Beginning with the line that contains "Gems en Vogue" and ending with the line that contains "Arotive Microfiber Bathroom", reproduce the lines of the entries below exactly, omitting pictures.

→ **Data listing**

************

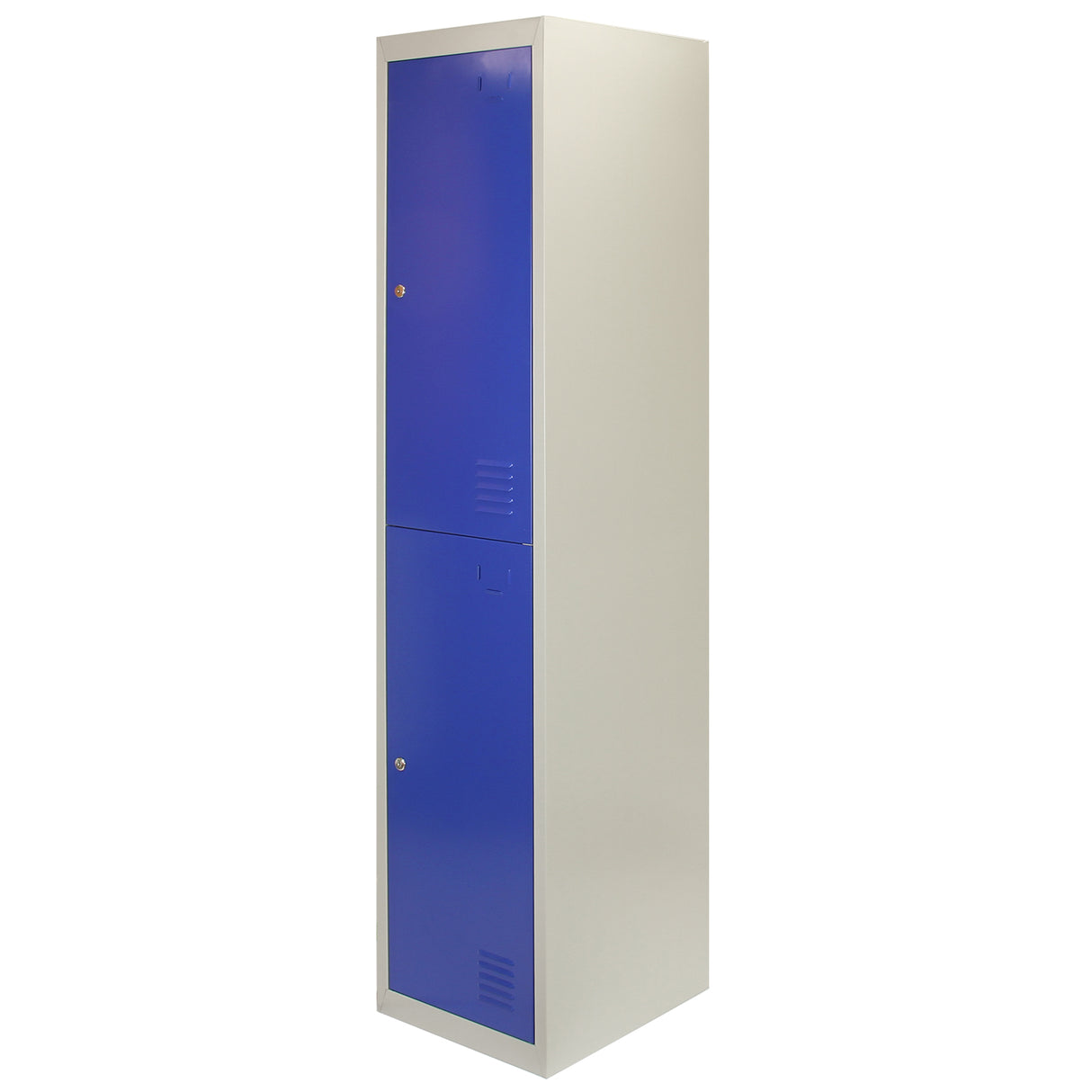 Metal Storage Lockers - Two Doors, Flatpacked, Blue - Used - Acceptable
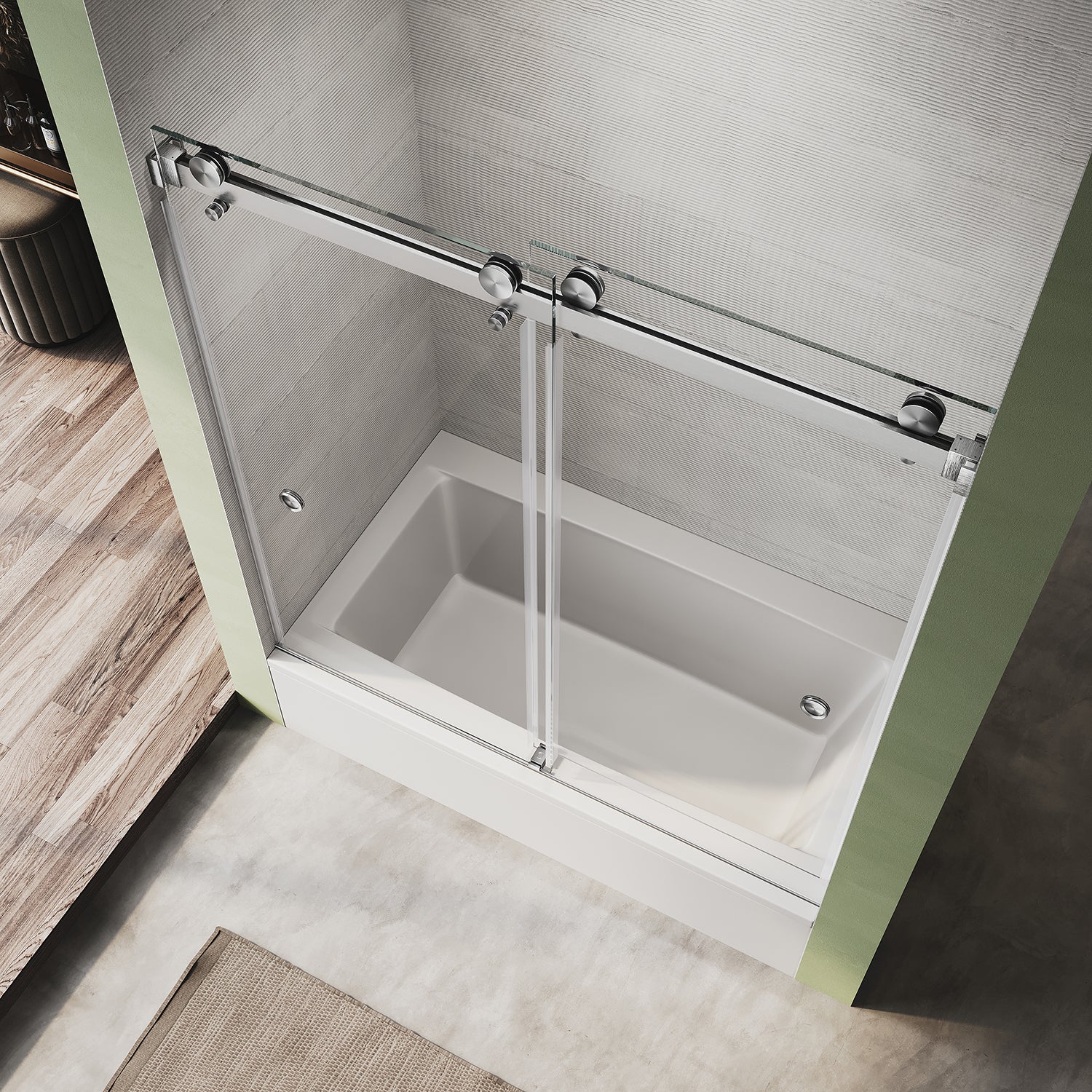 UKD01-56 to 60 in. W x 66 in. 2FP H Double Sliding Frameless Shower Door, EnduroShield 3/8 in. Clear Glass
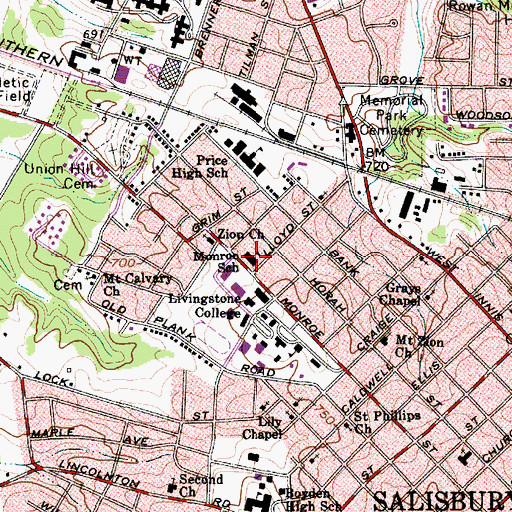 Topographic Map of Monroe Street Elementary School, NC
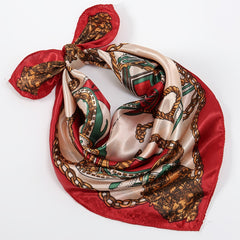 Vintage Chain Print Red Satin Scarf Neckerchief Hair Wrap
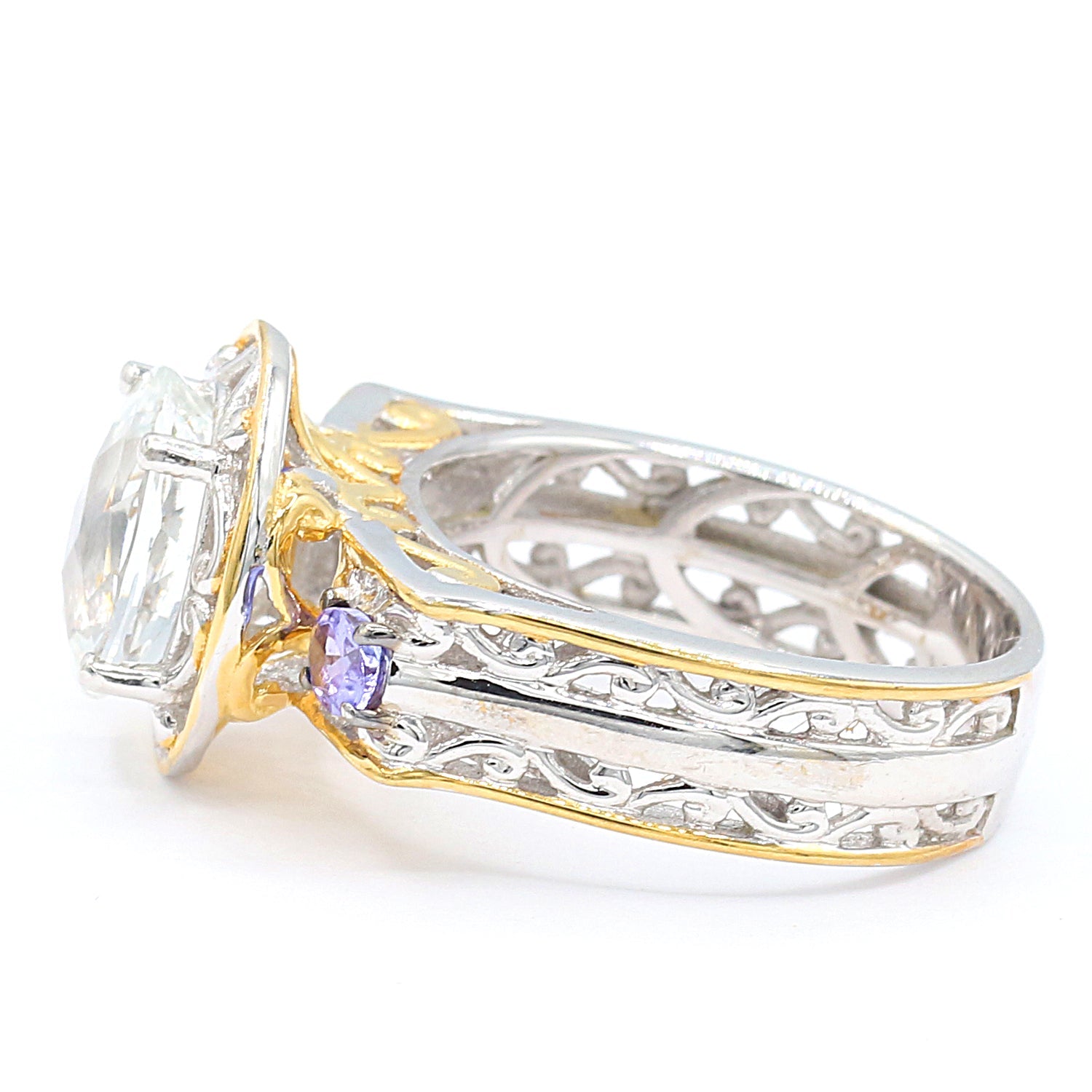 Gems en Vogue 3.51ctw White Topaz & Tanzanite Ring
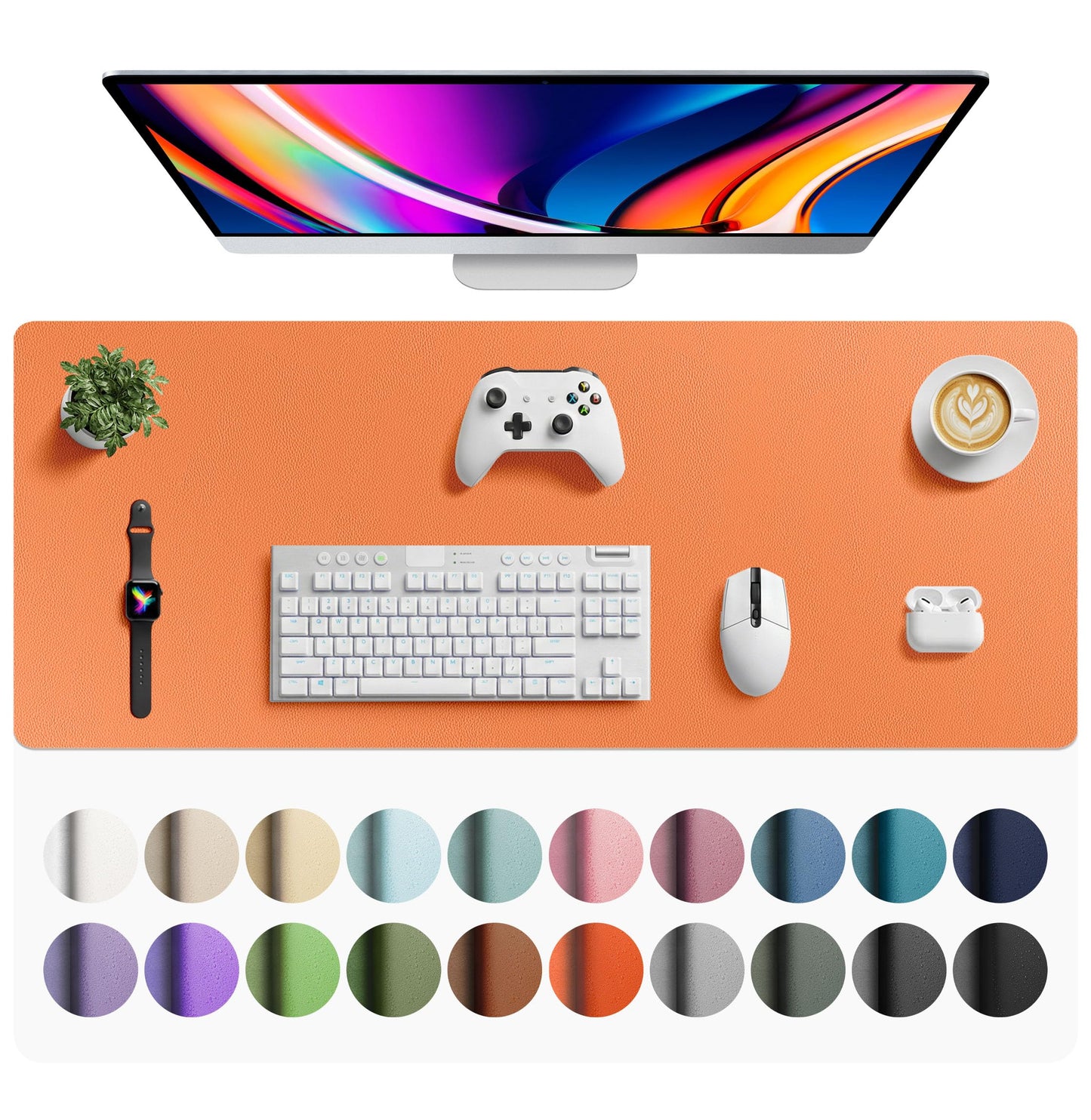 Aothia Leather Office Desk Pad Protector, Non-Slip PU Leather Desk Blotter, Waterproof Laptop Writing Mouse Pad for Office and Home, Black, 31.5" x 15.7"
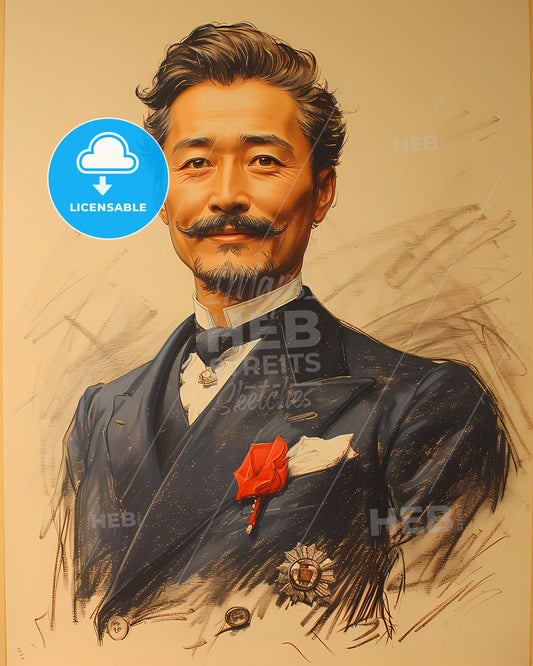 Mutsuhito, Emperor Meiji, 1852 - 1912, a portrait of a man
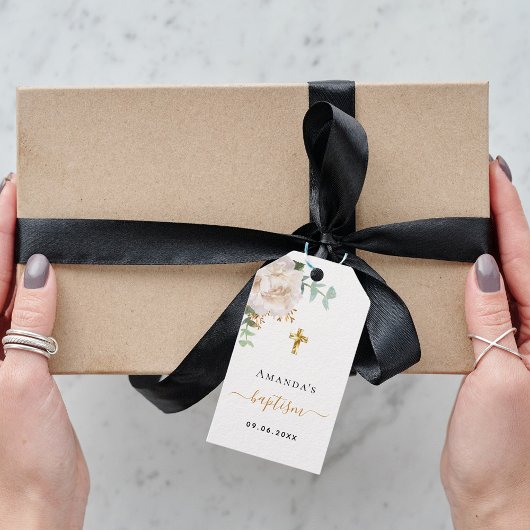 Baptisme eucalyptus greenery white floral cadeaulabel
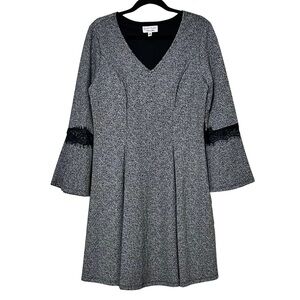 Signature by Robbie Bee Bell Sleeve A-Line Dress Black White Lace Trim Size M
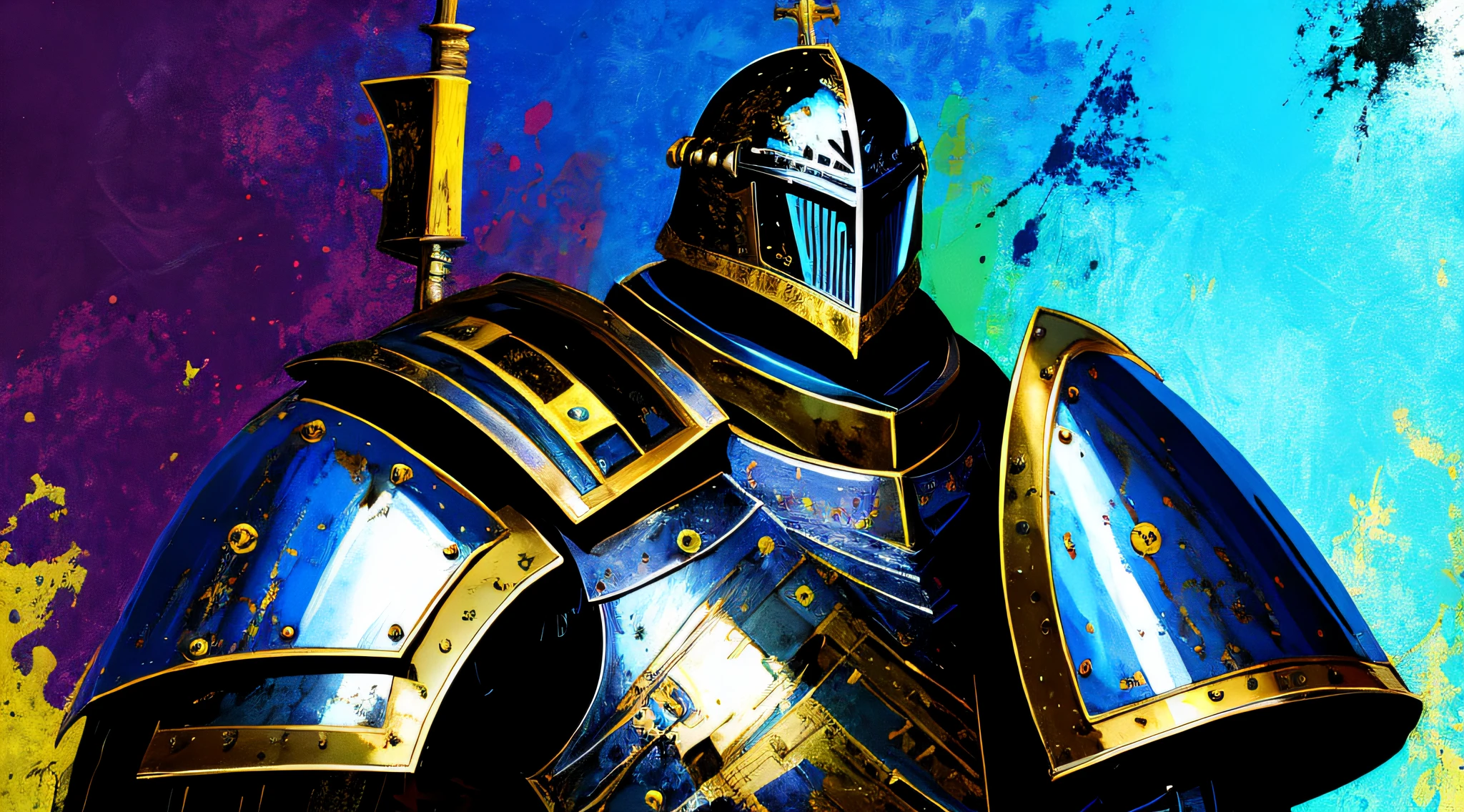 blue and black, a medieval black knight with a full armor and a large shield, in the style of Mork Borg, strong contrast, grunge dirty punk splash art, zine black metal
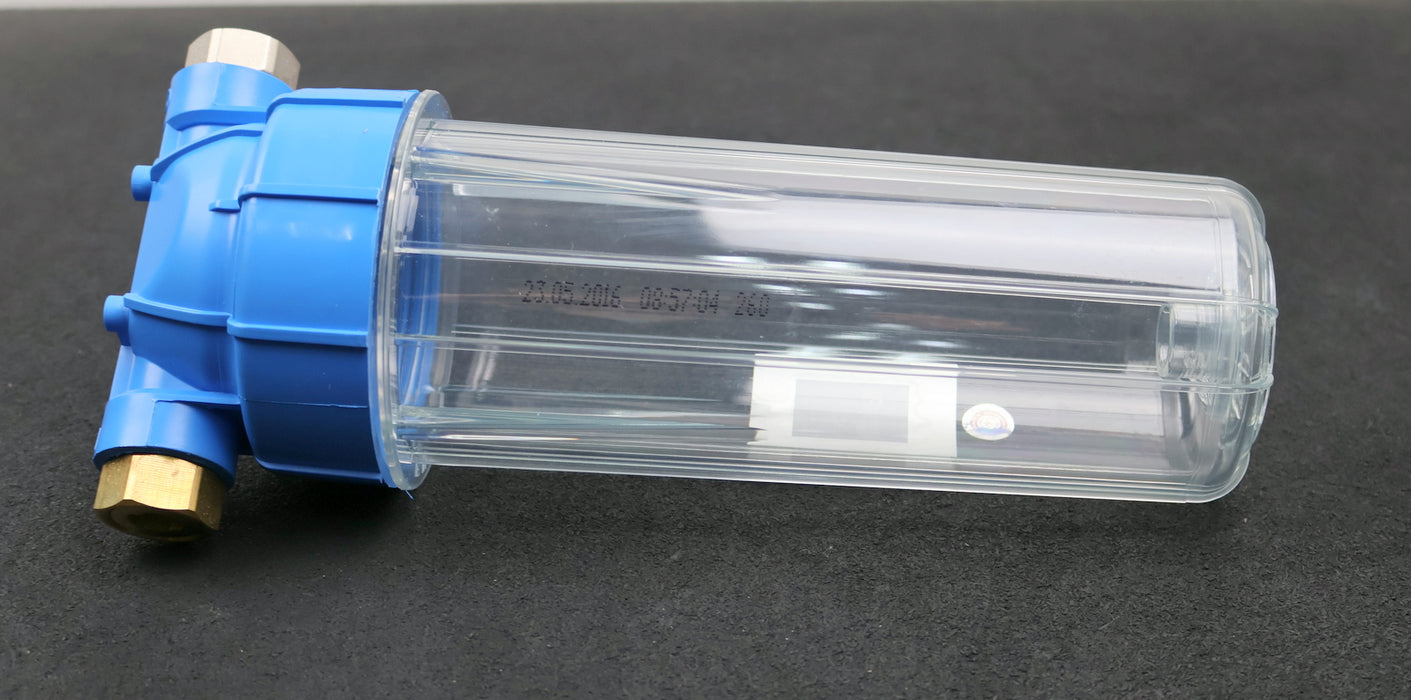 Bild des Artikels BKG-10''-Filtergehäuse-transparente-Filtertasse-Anschlüße-3/4''-Überwurfmutter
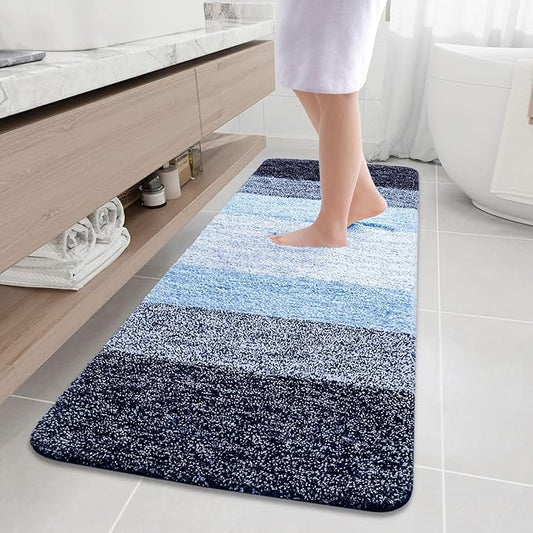 Arotive Microfiber Bathroom Rugs, Shaggy Soft and Absorbent Bath Rug, Non-Slip, Thick Plush Machine Washable Dry Bath Mats for Bathroom, Tub and Shower, 70x24, Blue, Rectangular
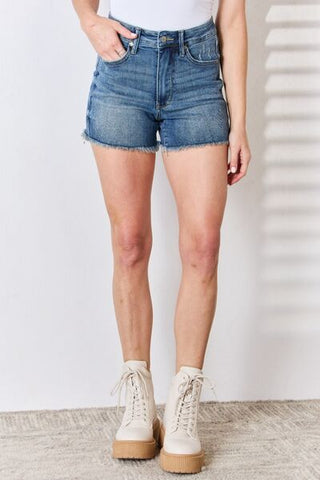 Shop Judy Blue Full Size Tummy Control Fray Hem Shorts Now On Klozey Store - Trendy U.S. Premium Women Apparel & Accessories And Be Up-To-Fashion!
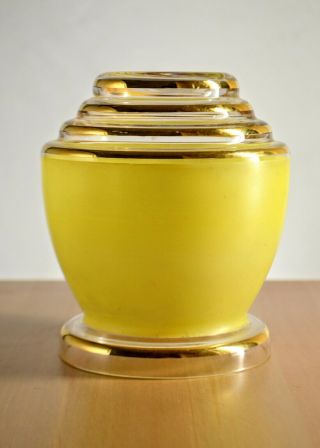 Vintage Art Deco Yellow,  Clear Glass Light Shade With Gold Gilt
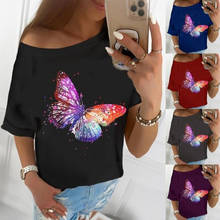 Off Shoulder T Shirt Tops Women's Cotton T Shirt Summer Print Short Sleeved Tops 2024 - buy cheap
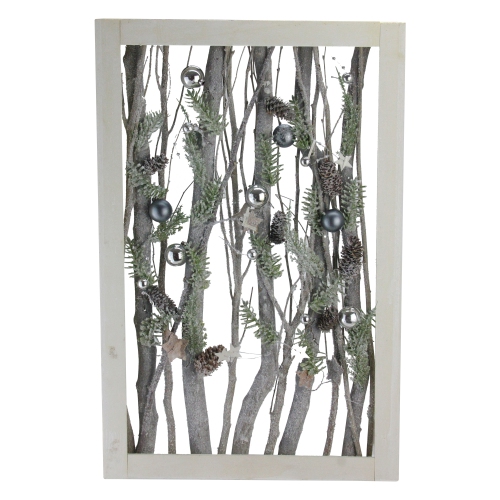 Decorated Standing Birch Branches in Wood Frame Table or Wall Decoration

************

→ **Answer to the exercise**
 Gems en Vogue 3.51ctw White Topaz & Tanzanite Ring
 Aothia Leather Office Desk Pad Protector, Non-Slip PU Leather Desk Blotter, Waterproof Laptop Writing Mouse Pad for Office and Home, Black, 31.5" x 15.7"
 Mutsuhito, Emperor Meiji, 1852 - 1912, a portrait of a man
 Baptisme eucalyptus greenery white floral cadeaulabel
 Signature by Robbie Bee Bell Sleeve A-Line Dress Black White Lace Trim Size M
 blue and black, a medieval black knight with a full armor and a large shield, in the style of Mork Borg, strong contrast, grunge dirty punk splash art, zine black metal
 Bild des Artikels BKG-10''-Filtergehäuse-transparente-Filtertasse-Anschlüße-3/4''-Überwurfmutter
 Arotive Microfiber Bathroom Rugs, Shaggy Soft and Absorbent Bath Rug, Non-Slip, Thick Plush Machine Washable Dry Bath Mats for Bathroom, Tub and Shower, 70x24, Blue, Rectangular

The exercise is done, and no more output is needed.